Leadership is as much about listening as anything else. What I heard on Wednesday was a local party that is passionate about talking to people and sharing what the Greens have to offer. They are proud members of our party for a reason – because they know we stand for something unique, and they have high hopes of winning local elections in the area.  No doubt the leaders of the other progressive parties are hearing the same.
Forming a progressive alliance would be the start of something big. At the core of any such agreement must be a commitment to electoral reform - and breaking open politics for good. No longer could parties choose to listen only to a handful of swing voters in key constituencies, to the exclusion of everyone else. Not many people enjoy talking about the voting system – for most, it’s boring – but as people increasingly clamour for more power in their hands, this could really have been a moment to seize.
Time is running out to select a genuine "unity" candidate through an open primary process. I admit that the most likely alternative - uniting behind a Liberal Democrat candidate in Richmond Park - doesn’t sit easily with me, especially after their role in the vindictive Coalition government.  But politics is about making difficult choices at the right moment, and this is one I wanted to actively explore, because the situation we’re in is just so dire. There is a difference between the Conservatives and the Lib Dems. Failing to realise that plays into the hands of Theresa May more than anyone else.

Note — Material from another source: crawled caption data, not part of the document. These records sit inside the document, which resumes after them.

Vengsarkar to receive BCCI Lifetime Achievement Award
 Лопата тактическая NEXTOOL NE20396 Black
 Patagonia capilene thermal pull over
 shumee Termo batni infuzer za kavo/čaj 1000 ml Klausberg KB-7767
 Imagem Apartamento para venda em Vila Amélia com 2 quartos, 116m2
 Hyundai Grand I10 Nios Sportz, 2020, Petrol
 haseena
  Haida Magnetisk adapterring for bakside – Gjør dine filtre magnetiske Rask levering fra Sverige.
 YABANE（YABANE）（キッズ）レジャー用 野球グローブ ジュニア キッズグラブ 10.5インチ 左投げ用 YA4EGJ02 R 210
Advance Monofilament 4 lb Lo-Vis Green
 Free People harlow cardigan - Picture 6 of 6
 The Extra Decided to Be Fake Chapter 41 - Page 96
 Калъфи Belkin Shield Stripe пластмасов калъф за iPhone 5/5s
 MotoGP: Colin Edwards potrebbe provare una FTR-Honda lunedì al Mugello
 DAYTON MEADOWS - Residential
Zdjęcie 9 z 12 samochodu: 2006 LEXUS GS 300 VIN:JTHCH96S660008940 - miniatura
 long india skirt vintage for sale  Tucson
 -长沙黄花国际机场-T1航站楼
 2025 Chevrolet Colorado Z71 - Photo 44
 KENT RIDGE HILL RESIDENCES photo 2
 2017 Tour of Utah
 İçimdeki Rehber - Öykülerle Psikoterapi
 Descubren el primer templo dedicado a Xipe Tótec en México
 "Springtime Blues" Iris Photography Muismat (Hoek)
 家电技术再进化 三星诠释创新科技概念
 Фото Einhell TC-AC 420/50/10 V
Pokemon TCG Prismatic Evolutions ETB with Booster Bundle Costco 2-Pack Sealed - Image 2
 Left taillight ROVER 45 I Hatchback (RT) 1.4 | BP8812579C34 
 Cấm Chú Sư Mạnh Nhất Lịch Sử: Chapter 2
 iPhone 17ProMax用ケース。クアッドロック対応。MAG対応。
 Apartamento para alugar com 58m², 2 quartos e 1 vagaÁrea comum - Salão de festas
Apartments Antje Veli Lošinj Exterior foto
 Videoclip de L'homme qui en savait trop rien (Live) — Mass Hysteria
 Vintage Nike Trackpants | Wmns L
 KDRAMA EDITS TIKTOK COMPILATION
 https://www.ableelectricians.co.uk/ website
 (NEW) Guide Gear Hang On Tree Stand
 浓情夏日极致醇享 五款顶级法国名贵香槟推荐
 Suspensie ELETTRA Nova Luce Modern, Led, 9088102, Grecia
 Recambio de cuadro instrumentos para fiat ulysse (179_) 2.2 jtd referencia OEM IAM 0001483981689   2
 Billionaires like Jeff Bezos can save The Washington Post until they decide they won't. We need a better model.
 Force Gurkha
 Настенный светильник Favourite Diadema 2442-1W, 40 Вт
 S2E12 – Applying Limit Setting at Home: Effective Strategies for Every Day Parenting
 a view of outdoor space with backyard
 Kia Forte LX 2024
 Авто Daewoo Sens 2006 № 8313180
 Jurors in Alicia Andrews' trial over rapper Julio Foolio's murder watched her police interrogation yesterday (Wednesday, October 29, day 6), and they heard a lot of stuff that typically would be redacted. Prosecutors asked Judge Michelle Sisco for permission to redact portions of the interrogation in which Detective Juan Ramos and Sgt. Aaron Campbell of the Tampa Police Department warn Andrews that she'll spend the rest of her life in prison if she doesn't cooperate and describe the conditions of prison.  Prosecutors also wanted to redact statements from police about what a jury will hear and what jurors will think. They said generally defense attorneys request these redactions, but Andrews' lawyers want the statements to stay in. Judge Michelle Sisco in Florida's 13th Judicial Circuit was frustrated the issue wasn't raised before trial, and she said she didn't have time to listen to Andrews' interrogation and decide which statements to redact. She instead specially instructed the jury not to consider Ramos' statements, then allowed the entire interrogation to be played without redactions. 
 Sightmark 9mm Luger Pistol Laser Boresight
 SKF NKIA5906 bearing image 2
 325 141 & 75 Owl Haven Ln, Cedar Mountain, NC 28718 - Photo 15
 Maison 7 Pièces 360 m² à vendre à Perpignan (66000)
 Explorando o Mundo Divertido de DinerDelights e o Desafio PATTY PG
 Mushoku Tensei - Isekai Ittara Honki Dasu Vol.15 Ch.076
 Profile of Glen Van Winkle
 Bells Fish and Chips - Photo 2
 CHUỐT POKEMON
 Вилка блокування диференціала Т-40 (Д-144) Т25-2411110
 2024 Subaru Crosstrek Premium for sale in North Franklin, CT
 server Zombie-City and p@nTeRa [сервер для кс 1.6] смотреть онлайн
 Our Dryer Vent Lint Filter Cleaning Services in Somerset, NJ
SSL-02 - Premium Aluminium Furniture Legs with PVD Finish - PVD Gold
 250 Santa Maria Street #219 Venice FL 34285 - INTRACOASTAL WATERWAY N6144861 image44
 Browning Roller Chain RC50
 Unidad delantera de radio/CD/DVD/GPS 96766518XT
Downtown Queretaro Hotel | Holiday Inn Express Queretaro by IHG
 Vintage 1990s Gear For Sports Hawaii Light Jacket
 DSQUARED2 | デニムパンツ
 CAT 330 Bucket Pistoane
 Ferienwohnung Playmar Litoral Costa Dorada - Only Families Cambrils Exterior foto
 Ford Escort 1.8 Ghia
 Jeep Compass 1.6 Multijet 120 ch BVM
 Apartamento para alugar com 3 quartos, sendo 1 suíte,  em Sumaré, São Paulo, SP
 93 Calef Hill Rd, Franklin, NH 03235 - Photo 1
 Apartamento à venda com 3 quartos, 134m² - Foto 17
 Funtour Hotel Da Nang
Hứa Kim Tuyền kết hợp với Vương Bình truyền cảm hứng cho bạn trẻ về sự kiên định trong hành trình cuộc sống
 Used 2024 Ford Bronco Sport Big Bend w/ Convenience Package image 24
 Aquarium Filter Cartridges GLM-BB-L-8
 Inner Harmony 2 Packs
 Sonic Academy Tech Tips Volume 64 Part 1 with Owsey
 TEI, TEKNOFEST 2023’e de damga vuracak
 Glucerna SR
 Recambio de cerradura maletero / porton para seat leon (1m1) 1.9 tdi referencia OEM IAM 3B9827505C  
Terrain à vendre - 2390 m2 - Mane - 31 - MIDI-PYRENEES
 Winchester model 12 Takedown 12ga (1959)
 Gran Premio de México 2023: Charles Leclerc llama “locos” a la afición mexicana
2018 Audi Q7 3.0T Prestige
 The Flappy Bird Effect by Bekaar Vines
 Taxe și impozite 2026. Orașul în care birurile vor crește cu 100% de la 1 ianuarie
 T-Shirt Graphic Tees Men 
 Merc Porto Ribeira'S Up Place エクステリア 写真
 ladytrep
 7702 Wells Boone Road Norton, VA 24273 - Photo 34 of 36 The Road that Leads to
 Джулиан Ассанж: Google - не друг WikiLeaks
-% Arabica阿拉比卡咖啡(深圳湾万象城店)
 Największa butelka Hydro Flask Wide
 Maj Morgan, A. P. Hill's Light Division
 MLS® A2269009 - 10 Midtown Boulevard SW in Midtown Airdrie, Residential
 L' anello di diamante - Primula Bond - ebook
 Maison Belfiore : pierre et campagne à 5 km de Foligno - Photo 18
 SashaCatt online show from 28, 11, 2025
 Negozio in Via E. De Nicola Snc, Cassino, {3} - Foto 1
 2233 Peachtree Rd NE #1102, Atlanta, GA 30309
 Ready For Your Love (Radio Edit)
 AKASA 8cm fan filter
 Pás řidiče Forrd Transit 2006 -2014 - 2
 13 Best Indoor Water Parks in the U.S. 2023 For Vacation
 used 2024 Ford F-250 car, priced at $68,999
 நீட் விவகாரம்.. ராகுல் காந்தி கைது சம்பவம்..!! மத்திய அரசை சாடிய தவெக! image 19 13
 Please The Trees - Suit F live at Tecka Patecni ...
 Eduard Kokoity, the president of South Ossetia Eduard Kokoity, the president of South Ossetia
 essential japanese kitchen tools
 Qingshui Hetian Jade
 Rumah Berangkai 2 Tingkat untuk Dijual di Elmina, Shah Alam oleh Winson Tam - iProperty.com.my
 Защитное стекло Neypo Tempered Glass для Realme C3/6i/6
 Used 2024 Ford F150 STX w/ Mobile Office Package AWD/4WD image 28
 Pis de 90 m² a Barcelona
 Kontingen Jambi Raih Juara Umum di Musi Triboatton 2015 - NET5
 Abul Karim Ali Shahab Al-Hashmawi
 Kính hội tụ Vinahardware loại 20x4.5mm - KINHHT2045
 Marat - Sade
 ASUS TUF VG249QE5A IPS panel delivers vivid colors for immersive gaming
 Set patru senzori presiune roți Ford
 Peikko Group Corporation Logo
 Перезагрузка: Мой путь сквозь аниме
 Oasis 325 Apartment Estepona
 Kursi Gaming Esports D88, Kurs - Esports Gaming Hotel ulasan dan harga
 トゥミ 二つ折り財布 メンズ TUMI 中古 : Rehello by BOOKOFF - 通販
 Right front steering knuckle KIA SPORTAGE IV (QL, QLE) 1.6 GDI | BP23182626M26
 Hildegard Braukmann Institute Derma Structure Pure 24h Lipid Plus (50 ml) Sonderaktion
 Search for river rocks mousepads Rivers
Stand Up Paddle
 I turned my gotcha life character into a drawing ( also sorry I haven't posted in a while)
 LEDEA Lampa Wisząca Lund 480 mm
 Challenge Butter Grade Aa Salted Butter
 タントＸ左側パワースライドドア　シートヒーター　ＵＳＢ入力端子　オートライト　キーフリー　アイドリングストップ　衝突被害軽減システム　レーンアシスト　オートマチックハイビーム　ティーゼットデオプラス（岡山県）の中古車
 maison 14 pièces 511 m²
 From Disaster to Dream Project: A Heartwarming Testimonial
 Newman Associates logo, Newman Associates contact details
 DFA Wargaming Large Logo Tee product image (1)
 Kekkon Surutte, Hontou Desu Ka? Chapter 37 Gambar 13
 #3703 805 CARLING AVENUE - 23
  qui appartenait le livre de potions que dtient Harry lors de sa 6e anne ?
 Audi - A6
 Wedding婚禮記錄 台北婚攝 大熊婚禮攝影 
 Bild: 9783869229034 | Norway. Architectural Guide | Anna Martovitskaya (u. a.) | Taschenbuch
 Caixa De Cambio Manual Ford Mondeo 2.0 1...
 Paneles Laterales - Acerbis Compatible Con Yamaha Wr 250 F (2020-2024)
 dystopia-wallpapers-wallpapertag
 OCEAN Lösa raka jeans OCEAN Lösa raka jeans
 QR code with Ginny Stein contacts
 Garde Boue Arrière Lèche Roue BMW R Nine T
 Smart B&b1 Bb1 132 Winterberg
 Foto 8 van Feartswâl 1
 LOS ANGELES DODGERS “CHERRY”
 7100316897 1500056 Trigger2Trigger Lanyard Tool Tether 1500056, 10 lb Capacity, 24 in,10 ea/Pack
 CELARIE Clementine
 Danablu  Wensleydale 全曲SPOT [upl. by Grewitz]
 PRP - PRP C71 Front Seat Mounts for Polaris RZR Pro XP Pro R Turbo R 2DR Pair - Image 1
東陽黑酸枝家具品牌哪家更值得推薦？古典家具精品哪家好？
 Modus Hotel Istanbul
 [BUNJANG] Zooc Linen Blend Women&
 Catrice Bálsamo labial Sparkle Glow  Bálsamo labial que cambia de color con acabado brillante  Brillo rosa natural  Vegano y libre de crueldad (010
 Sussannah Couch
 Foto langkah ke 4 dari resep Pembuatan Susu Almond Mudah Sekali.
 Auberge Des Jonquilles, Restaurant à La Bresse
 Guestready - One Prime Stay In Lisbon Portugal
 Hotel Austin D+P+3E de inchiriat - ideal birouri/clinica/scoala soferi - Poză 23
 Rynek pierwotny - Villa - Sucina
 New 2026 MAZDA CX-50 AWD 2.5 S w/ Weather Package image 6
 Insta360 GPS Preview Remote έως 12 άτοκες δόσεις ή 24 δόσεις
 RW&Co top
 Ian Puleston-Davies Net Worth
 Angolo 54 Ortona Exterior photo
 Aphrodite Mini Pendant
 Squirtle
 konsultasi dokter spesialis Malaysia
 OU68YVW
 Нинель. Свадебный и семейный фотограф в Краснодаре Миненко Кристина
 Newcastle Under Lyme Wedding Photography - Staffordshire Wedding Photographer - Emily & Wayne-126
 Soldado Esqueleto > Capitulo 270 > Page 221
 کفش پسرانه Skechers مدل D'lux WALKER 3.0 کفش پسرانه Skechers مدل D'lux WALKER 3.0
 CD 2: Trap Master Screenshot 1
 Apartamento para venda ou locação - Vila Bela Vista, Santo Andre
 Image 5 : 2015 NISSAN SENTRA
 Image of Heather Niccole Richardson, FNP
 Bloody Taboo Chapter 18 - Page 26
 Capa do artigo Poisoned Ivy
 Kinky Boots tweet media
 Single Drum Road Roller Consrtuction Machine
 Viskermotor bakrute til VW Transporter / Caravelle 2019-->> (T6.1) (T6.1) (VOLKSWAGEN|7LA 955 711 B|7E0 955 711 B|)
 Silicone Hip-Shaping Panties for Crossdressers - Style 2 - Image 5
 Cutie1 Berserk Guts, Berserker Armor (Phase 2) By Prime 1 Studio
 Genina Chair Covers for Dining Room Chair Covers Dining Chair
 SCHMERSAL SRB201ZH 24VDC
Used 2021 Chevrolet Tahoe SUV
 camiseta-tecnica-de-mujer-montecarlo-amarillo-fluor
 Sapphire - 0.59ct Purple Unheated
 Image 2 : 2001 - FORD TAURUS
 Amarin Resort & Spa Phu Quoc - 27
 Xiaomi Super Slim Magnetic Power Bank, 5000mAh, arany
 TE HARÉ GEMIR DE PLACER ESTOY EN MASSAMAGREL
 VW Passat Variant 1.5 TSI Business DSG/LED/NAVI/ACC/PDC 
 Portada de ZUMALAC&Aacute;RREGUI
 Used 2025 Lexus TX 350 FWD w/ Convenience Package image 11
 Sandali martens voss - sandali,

And, to be frank, I'm deeply worried. Just look at one very specific, very local issue and you’ll perhaps understand where I'm coming from. It’s the state of the NHS in Brighton and Hove – it’s a system that’s been so cut up by marketisation and so woefully underfunded that it’s at breaking point. Our hospital is in special measures, six GP surgeries have shut down and private firms have been operating ambulances without a license. Just imagine what that health service will look like in ten years, with a Conservative party still in charge after beating a divided left at another general election.
And then there is Brexit. We’re hurtling down a very dangerous road – which could see us out of the EU, with closed borders and an economy in tatters. It’s my belief that a vote for a non-Brexiteer in Richmond Park would be a hammer blow to Conservatives at a time when they’re trying to remould the country in their own image after a narrow win for the Leave side in the referendum.
The Green party will fight a passionate and organised campaign in Richmond Park – I was blown away by the commitment of members, and I know they’ll be hitting the ground running this weekend. On the ballot on 1 December there will only be one party saying no to new runways, rejecting nuclear weapons and nuclear power and proposing a radical overhaul of our politics and democracy. I’ll go to the constituency to campaign because we are a fundamentally unique party – saying things that others refuse to say – but I won’t pretend that I don’t wish we could have done things differently.

I believe that moments like this don’t come along very often – but they require the will of all parties involved to realise their potential. Ultimately, until other leaders of progressive parties face the electoral facts, we are all losers, no matter who wins in Richmond Park.


Caroline Lucas is the MP for Brighton Pavilion.